[DATA EXTRACT — start]

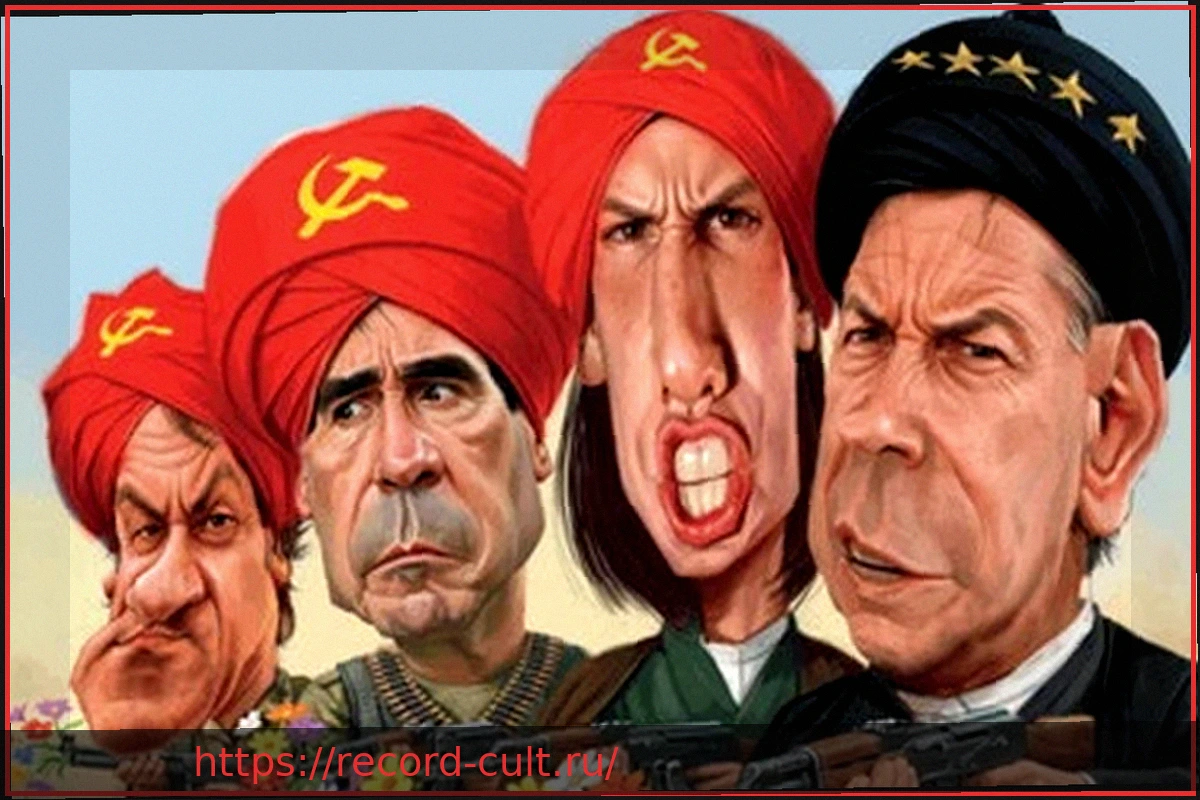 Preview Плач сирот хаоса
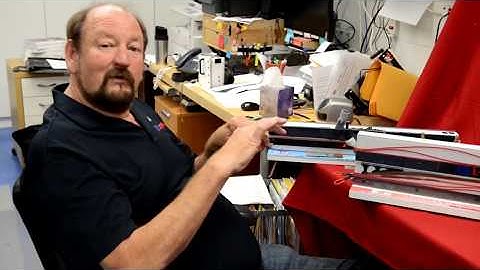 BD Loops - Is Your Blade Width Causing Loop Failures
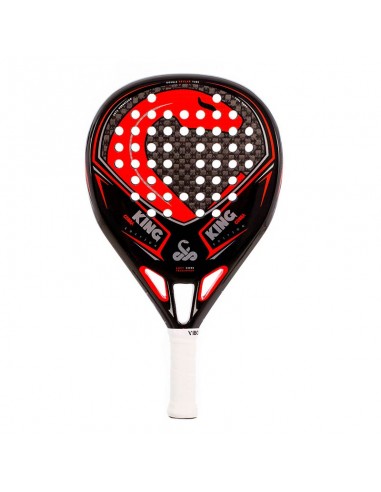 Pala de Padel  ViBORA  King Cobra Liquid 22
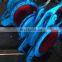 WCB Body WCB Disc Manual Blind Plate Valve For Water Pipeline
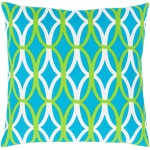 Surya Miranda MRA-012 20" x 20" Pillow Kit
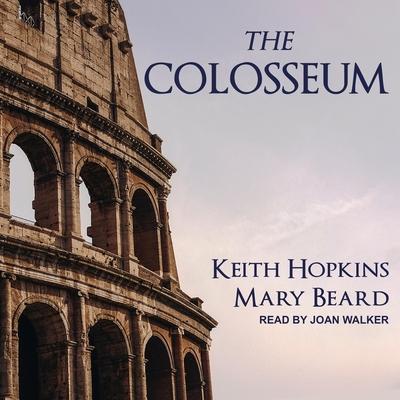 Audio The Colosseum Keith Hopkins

[DATA EXTRACT — finish]

» **TASK STATEMENT**
Starting with the line that contains "WCB Body WCB" and ending with the last line of the material, every line must be written out exactly; no other lines and no pictures are wanted.

» **SOLUTION**
 WCB Body WCB Disc Manual Blind Plate Valve For Water Pipeline
 Surya Miranda MRA-012 20" x 20" Pillow Kit
 Audio The Colosseum Keith Hopkins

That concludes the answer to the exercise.